И под тем же дубом стал старец на молитву. Рядом с ним Варфоломей – через плечо недоуздки. Окончив, незнакомец вынул из-за пазухи ковчежец, взял частицу просфоры, благословил ею Варфоломея и велел съесть.

– Это дается тебе в знак благодати и для разумения Священного Писания. Отныне овладеешь грамотою лучше братьев и товарищей.

О чем они беседовали дальше, мы не знаем. Но Варфоломей пригласил старца домой. Родители приняли его хорошо, как и обычно странников. Старец позвал мальчика в моленную и велел читать псалмы. Ребенок отговаривался неумением. Но посетитель сам дал книгу, повторивши приказание. Тогда Варфоломей начал читать, и все были поражены, как он читает хорошо.

А гостя накормили, за обедом рассказали и о знамениях над сыном. Старец снова подтвердил, что теперь Варфоломей хорошо станет понимать Священное Писание и одолеет чтение. Затем прибавил: «Отрок будет некогда обителью Пресвятой Троицы; он многих приведет за собой к уразумению Божественных заповедей».

С этого времени Варфоломей двинулся, читал уже любую книгу без запинки, и Епифаний утверждает – даже обогнал товарищей.

В истории с его учением, неудачами и неожиданным, таинственным успехом видны в мальчике некоторые черты Сергия: знак скромности, смирения есть в том, что будущий святой не мог естественно обучиться грамоте. Заурядный брат его Стефан лучше читал, чем он, его больше наказывали, чем обыкновеннейших учеников. Хотя биограф говорит, что Варфоломей обогнал сверстников, но вся жизнь Сергия указывает, что не в способностях к наукам его сила: в этом ведь он ничего не создал. Пожалуй, даже Епифаний, человек образованный и много путешествовавший по святым местам, написавший жития свв. Сергия и Стефана Пермского, был выше его как писатель, как ученый. Но непосредственная связь, живая, с Богом, обозначилась уж очень рано у малоспособного Варфоломея. Есть люди, внешне так блестяще одаренные, – нередко истина последняя для них закрыта. Сергий, кажется, принадлежал к тем, кому обычное дается тяжко, и посредственность обгонит их, зато необычайное раскрыто целиком. Их гений в иной области.

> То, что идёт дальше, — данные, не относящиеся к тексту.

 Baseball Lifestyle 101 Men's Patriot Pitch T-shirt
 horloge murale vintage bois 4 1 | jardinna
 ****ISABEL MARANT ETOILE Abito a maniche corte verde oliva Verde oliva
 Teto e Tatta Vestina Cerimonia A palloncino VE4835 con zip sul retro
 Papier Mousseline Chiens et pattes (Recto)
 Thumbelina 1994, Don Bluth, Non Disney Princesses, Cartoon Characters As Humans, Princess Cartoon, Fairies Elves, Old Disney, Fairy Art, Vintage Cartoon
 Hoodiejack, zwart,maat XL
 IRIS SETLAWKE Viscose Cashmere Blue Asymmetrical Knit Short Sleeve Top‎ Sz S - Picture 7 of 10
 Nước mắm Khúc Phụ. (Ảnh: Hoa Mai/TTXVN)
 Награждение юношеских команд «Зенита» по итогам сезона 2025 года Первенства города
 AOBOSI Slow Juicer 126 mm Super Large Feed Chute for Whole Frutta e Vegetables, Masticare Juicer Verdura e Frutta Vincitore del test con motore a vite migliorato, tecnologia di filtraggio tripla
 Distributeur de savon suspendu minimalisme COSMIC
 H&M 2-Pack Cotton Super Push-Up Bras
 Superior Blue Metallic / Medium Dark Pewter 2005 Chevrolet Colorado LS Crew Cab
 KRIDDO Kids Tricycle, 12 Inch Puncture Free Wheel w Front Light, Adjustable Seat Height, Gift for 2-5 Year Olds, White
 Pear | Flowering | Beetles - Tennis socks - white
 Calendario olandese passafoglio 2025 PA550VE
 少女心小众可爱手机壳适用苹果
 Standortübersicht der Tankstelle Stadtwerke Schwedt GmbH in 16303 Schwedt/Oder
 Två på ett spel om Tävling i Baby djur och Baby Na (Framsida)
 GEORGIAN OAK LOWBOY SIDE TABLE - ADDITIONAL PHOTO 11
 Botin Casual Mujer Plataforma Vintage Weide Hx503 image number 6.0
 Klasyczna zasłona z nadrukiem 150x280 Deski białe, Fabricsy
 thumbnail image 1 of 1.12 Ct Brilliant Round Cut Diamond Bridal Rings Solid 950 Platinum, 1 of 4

И гений мальчика Варфоломея вел его иным путем, где менее нужна наука: уже к порогу юности отшельник, постник, инок ярко проступили. Больше всего любит он службы, церковь, чтение священных книг. И удивительно серьезен. Это уже не ребенок.

Главное же: у него является свое. Не потому набожен, что среди набожных живет. Он впереди других. Его ведет призвание. Никто не принуждает к аскетизму – он становится аскетом и постится среды, пятницы, ест хлеб, пьет воду, и всегда он тихий, молчаливый, в обхождении ласковый, но с некоторой печатью. Одет скромно. Если же бедняка встретит, отдает последнее.

Замечательны и отношения с родными. Конечно, мать (а может, и отец) давно почувствовала в нем особенное. Но вот казалось, что он слишком изнуряется. Она его упрашивает не насиловать себя. Он возражает. Может быть, из-за его дарений тоже выходили разногласия, упреки (лишь предположение), но какое чувство меры! Сын остается именно послушным сыном, житие подчеркивает это, да и факты подтверждают. Находил Варфоломей гармоничность, при которой был самим собой, не извращая облика, но и не разрывая с тоже, очевидно, ясными родителями. В нем не было экстаза, как во Франциске Ассизском. Если бы он был блаженным, то на русской почве это значило б: юродивый. Но именно юродство ему чуждо. Живя, он с жизнью, с семьей, духом родного дома и считался, как и с ним семья считалась. Потому к нему неприменима судьба бегства и разрыва.

А внутренно, за эти годы отрочества, ранней юности, в нем накоплялось, разумеется, стремление уйти из мира низшего и среднего в мир высший, мир незамутненных созерцаний и общенья непосредственного с Богом.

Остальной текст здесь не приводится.